Hi everyone,
I got into MiniZinc some weeks ago and am super fond of it. My main purpose was to solve a pretty annoying scheduling problem my department faces each year, spending weeks to solve it (partially). I tride to solve this in MiniZinc, but run into some complexity (?) issues.
Here is the main setting:
- I have a certain number of students
- They rank 7 topics in order of preference
- They will be assigned 4 of such topics
- The groups have a minimal/maximal size (but there may be various groups on the same topic)
- There is 4 time slots available in the timetable for all of these
I need to... get something workable out of it. The most obvious constraints are:
- students cannot attend two topics at the same time
- various topics groups cannot be at the same time (only one teacher)
- we would like to maximize the satisfaction of the problem (but in fact, it would be already pretty good to have just a possible situation)
After many trials and errors, and some insights from colleagues of the Coursera course on MiniZinc, I ended up having a (barely working) model to assign each student to a topic, but of course this neglects the true scheduling problem (compatibility for both students and teachers, even though it would work with enough teachers).
I would like to know if I am missing obivous extra structures or constraints I may add to speed it up enough to get an answer.
Here is the current model:
==============
% PARAMETERS
int: n; % number of students
set of int: STUDENTS=1..n;
int: m; % number of topics
int: g=5; % number of instances of each course
set of int: PREFERENCE=1..m;
set of int: TOPICS=1..g*m; % different topics (with instances)
int: c; % number of courses each student will take
int: maxseats; % number of seats available per course max
int: minseats; % number of seats minimum per course
int: timeslots; % possible time slots for the courses
set of int: TIMESLOTS=0..timeslots;
array[STUDENTS,1..m] of PREFERENCE: preference; % ranking of topics by each student
array[STUDENTS, PREFERENCE] of TOPICS: prefRank = array2d(STUDENTS, PREFERENCE, [rank
| student in STUDENTS, p in 1..m, rank in 1..m where preference[student, rank] == p]);
array[STUDENTS,1..c] of var PREFERENCE: courseRank;
constraint % channeling constraint to obtain topic ranking
forall(student in STUDENTS, i in 1..c)(courseRank[student, i] = prefRank[student, topicToTopic(course[student, i])]);
% VARIABLES
array[STUDENTS,1..c] of var TOPICS: course; % topics assigned to each student
array[TOPICS] of var TIMESLOTS: schedule; % time slot assigned to topics
array[TOPICS] of var 0..maxseats: number; % number of people taking each course
constraint
forall (topic in TOPICS)(number[topic] = sum(student in STUDENTS, i in 1..c)(course[student,i] == topic));
% FUNCTIONS (to navigate between istances and topics)

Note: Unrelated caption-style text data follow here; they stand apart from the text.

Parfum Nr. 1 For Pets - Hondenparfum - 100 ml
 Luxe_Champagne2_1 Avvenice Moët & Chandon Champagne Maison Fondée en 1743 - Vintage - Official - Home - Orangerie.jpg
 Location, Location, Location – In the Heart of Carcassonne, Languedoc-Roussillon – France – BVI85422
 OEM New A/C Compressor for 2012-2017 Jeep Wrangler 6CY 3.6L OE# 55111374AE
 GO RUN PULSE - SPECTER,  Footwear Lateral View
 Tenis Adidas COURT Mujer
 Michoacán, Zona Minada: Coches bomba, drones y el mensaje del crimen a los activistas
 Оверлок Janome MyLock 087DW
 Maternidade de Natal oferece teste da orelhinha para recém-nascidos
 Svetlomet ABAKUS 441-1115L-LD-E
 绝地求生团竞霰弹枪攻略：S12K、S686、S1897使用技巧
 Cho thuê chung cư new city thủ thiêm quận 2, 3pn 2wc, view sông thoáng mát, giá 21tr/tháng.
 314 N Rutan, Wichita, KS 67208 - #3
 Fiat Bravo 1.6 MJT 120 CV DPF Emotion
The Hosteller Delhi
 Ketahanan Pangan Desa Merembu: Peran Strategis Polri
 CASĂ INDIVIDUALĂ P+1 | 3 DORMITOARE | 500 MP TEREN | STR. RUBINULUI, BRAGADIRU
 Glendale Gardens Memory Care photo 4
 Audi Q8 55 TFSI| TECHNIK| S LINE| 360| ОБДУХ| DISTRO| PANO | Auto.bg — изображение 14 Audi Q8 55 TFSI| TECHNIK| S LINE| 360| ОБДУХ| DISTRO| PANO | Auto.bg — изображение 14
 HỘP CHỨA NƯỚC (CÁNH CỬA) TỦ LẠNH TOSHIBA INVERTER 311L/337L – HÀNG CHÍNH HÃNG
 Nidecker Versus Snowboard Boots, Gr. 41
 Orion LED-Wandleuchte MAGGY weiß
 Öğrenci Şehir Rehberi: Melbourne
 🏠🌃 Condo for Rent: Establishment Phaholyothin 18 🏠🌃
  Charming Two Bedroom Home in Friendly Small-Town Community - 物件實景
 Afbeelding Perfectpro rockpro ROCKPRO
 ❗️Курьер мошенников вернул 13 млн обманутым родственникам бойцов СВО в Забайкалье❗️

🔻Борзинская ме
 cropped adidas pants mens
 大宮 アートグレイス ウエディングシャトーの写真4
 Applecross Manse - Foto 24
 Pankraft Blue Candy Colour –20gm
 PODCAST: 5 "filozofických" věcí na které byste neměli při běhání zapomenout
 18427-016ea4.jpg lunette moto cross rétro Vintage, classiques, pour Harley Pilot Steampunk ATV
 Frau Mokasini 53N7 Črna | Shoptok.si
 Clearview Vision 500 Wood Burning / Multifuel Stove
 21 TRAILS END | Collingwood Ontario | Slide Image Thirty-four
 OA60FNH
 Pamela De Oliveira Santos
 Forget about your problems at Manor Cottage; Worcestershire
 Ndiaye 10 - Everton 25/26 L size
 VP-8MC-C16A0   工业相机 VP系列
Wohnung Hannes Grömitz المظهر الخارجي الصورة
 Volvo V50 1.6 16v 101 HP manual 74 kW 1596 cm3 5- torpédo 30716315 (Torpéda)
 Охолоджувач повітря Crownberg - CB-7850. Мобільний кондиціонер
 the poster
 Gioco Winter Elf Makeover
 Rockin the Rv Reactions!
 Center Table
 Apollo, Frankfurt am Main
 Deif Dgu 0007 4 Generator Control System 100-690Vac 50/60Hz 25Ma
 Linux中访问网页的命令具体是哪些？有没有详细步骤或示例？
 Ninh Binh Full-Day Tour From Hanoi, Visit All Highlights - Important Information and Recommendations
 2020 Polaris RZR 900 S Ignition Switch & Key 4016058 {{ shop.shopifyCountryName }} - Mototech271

function int: topicToGroupFix(var int: t) =
fix(((t-1) mod g) + 1);
function var int: topicToTopic(var int: t) =
((t-1) div g) + 1;
function int: topicToTopicFix(var int: t) =
fix(((t-1) div g) + 1);
function int: topicGroupToTopic(int: t, int: gg) =
((t-1) * g) + gg;
% CONSTRAINTS
include "globals.mzn";
constraint % before using another topic group make sure the previous one has students in it
forall(t in 1..m, gg in 1..g-1)( number[topicGroupToTopic(t,gg+1)] > 0 -> number[topicGroupToTopic(t,gg)] >= minseats);
constraint % if students are assigned to a topic group it must have enough
forall(t in TOPICS)( number[t] > 0 -> number[t] >= minseats );
constraint % make sure topics are slotted at different times
forall(t in 1..m)( alldifferent_except_0([schedule[x] | x in topicGroupToTopic(t,1)..topicGroupToTopic(t,g)]));
constraint % no student has two topics at the same time
forall(student in STUDENTS)(alldifferent([schedule[course[student,i]] | i in 1..c]));
constraint % students have different topics (and break symmetries)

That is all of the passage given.